Letter 51 To The Rev. Mr. Cole.  Arlington Street, Jan. 8, 1773. (page 75)

In return to your very kind inquiries, dear Sir, I can let you know, that I am quite free from pain, and walk a little about my room, even without a stick:  nay, have been four times to take the air in the park.  Indeed, after fourteen weeks this is not saying much; but it is a worse reflection, that when one is subject to the gout, and far from young, one’s worst account will probably be better than that after the next fit.  I neither flatter myself on one hand, nor am impatient on the other—­for will either do one any good? one must bear one’s lot whatever it be.

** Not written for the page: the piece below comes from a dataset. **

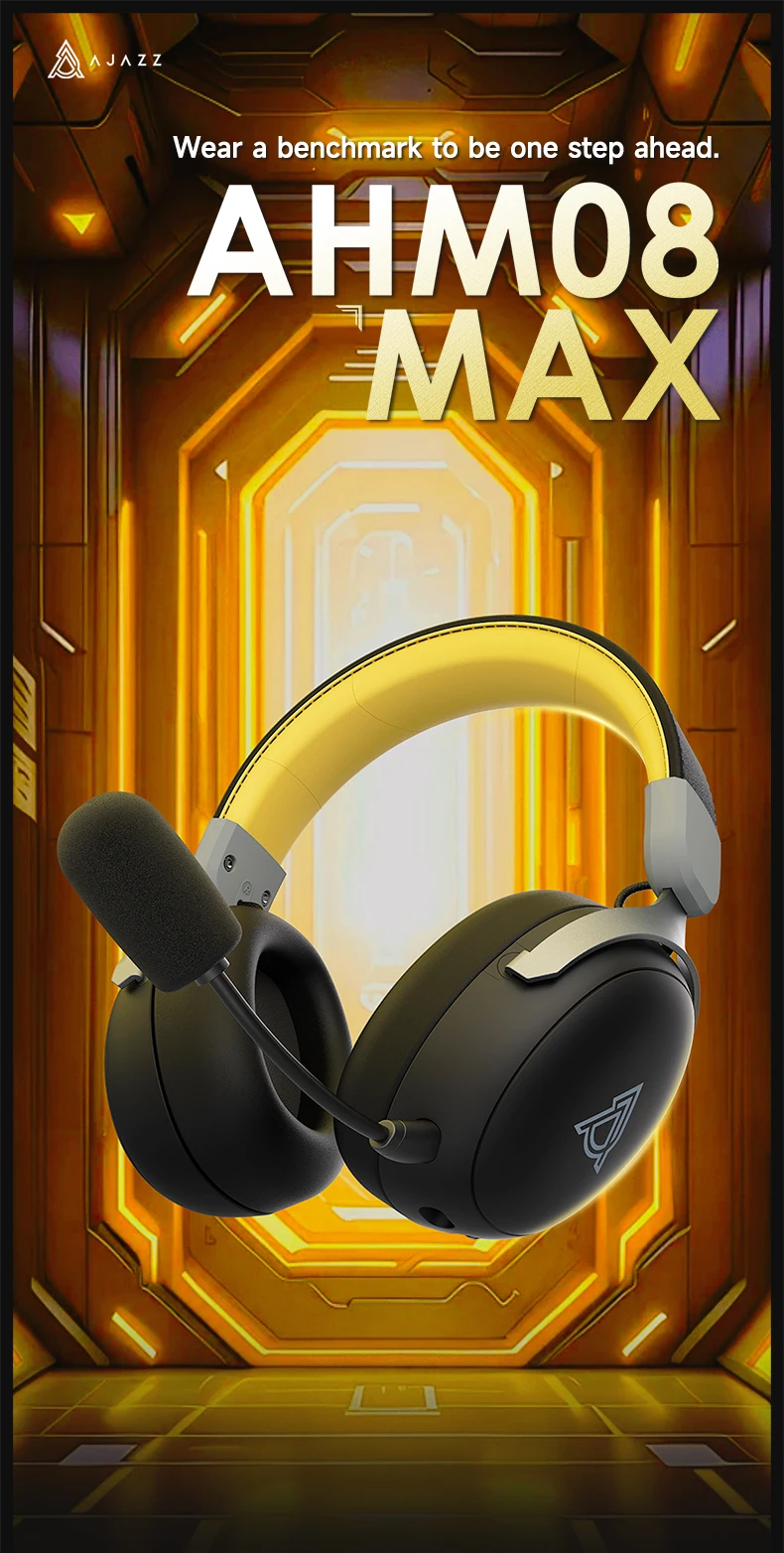 AJAZZ AHM08 MAX Kabelloses Gaming-Headset, 3 Modi, ANC, 1050mAh, Ergonomisch, Geringe Latenz, Geräuschlokalisierung, Lautstärkeregler – Detail 1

I rejoice Mr. * * * * has justice,(84) though he had no bowels.  How Gertrude More escape’ him I do not guess.  It will be wrong to rob you of her, after she has come to you through so many hazards—­nor would I hear of it either, if you have a mind to keep her, or have not given up all thoughts of a collection since you have been visited by a Visigoth.

I am much more impatient to see Mr. Gray’s print, than Mr. What-d’ye-call-him’s answer to my Historic Doubts.(85) He may have made himself very angry; but I doubt whether he will make me at all so.  I love antiquities; but I scarce ever knew an antiquary who knew how to write upon them.  Their understandings seem as much in ruins as the things they describe.  For the Antiquarian Society, I shall leave them in peace with Whittington and his Cat.  As my contempt for them has not, however, made me disgusted with what they do not understand, antiquities, I have published two numbers of Miscellanies, and they are very welcome to mumble them with their toothless gums.  I want to send you these—­not their gums, but my pieces, and a Grammont,(86) of which I have printed only a hundred copies, and which will be extremely scarce, as twenty-five copies are gone to France.  Tell me how I shall convey them safely.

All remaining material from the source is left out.